● Exercise objective: Write out the full listing exactly as given, minus the images.

● Collected data:
....
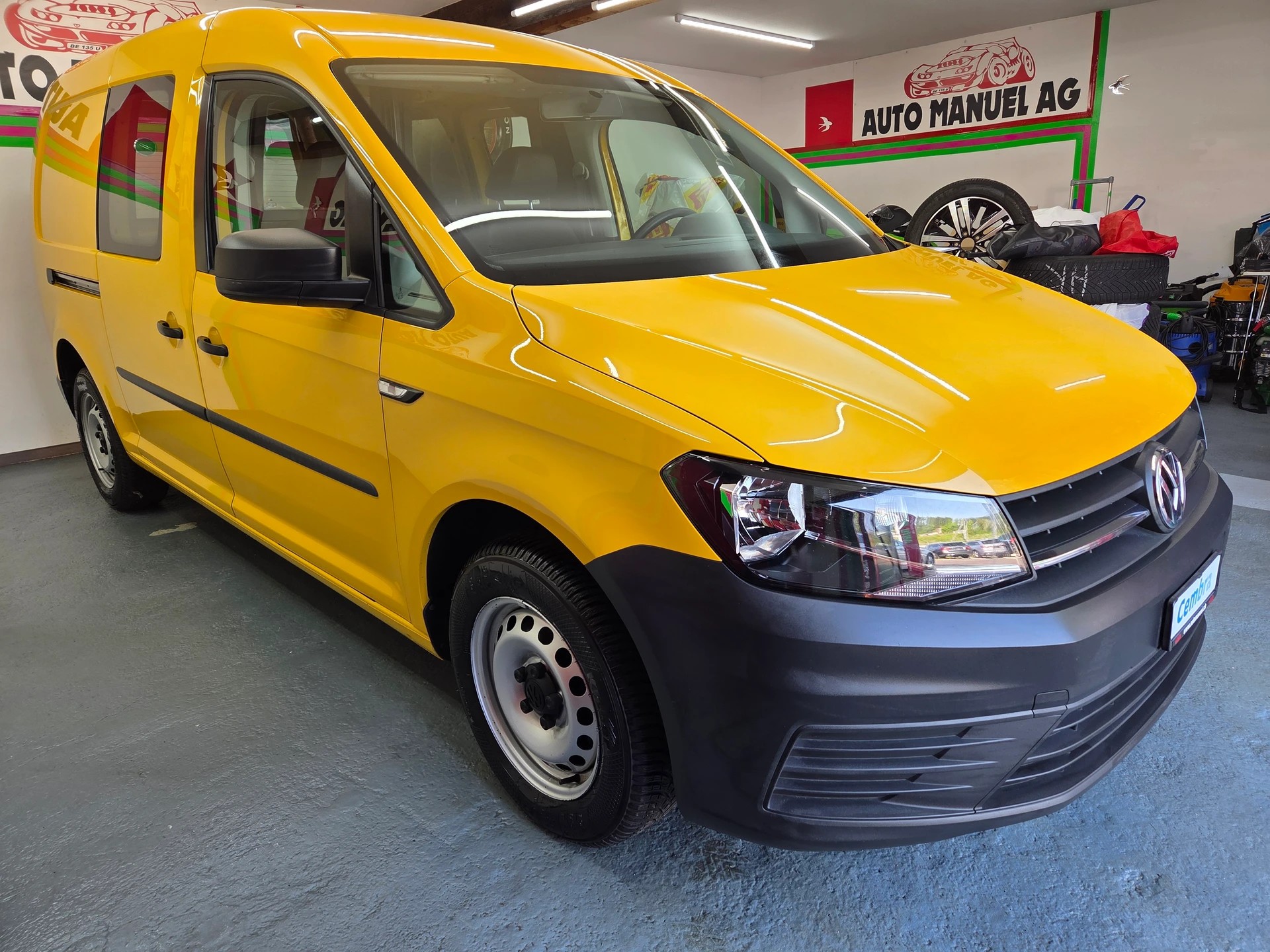 VW Caddy Maxi 1.0TSI BlueMotion Technology-image-2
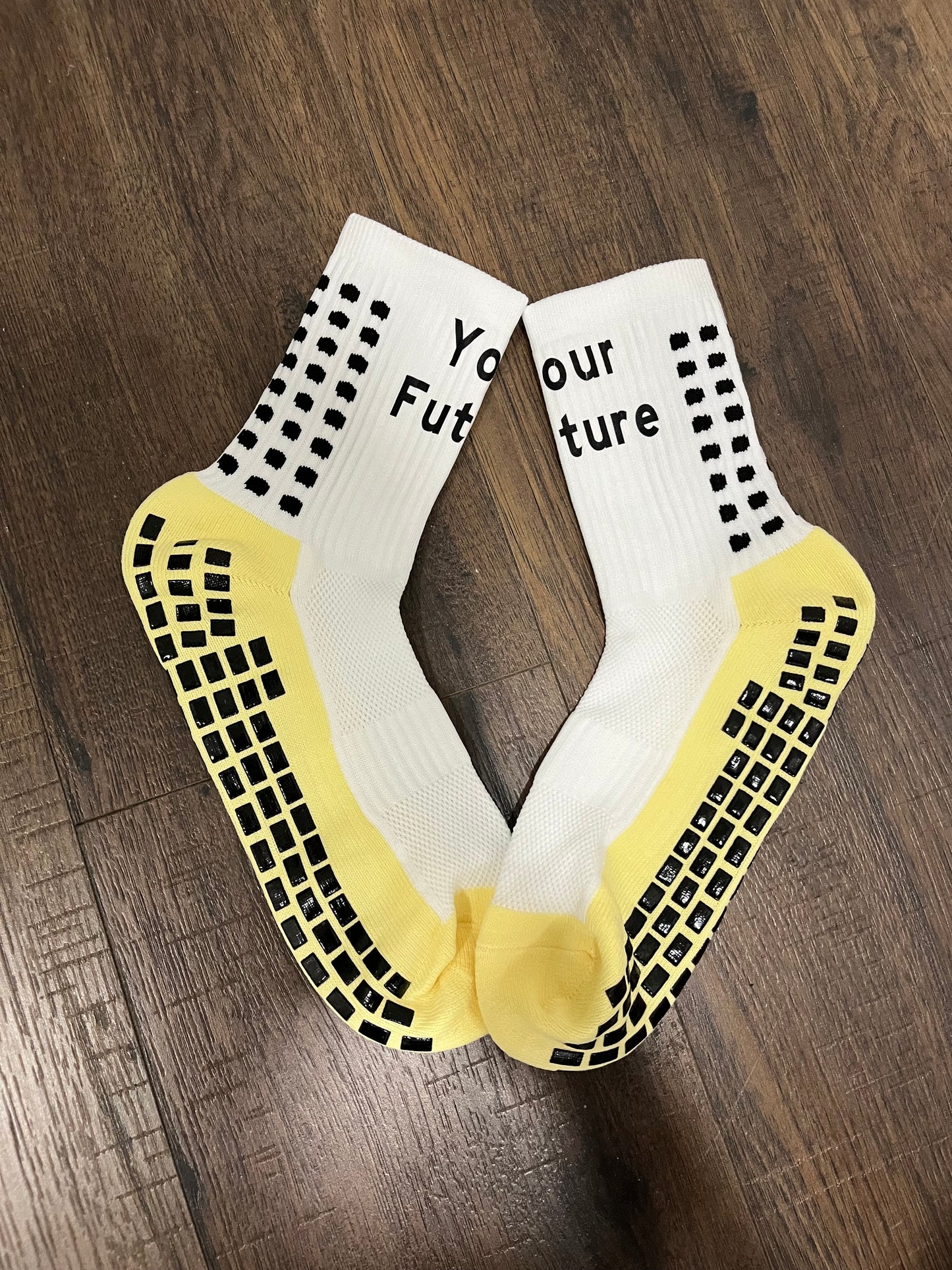 𝓨𝓸𝓾𝓻 𝓕𝓾𝓽𝓾𝓻𝓮 𝓖𝓻𝓲𝓹 𝓢𝓸𝓬𝓴𝓼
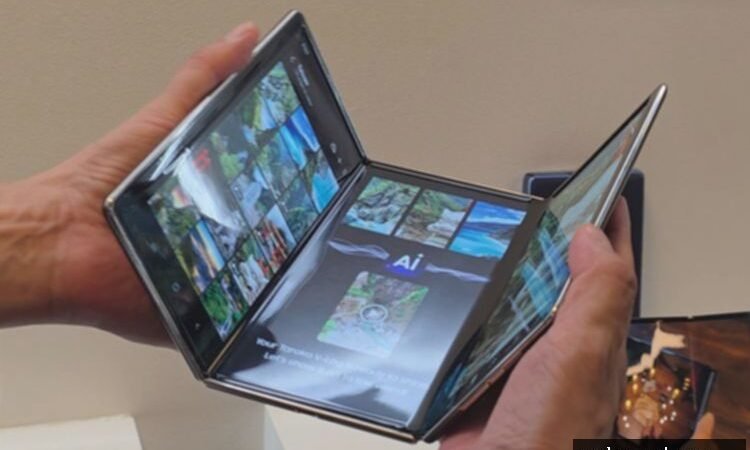 Smartphone Layar Lipat Tiga Pertama Samsung Rilis 9 Juli?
....
● Solved exercise:
 VW Caddy Maxi 1.0TSI BlueMotion Technology-image-2
 𝓨𝓸𝓾𝓻 𝓕𝓾𝓽𝓾𝓻𝓮 𝓖𝓻𝓲𝓹 𝓢𝓸𝓬𝓴𝓼
 Smartphone Layar Lipat Tiga Pertama Samsung Rilis 9 Juli?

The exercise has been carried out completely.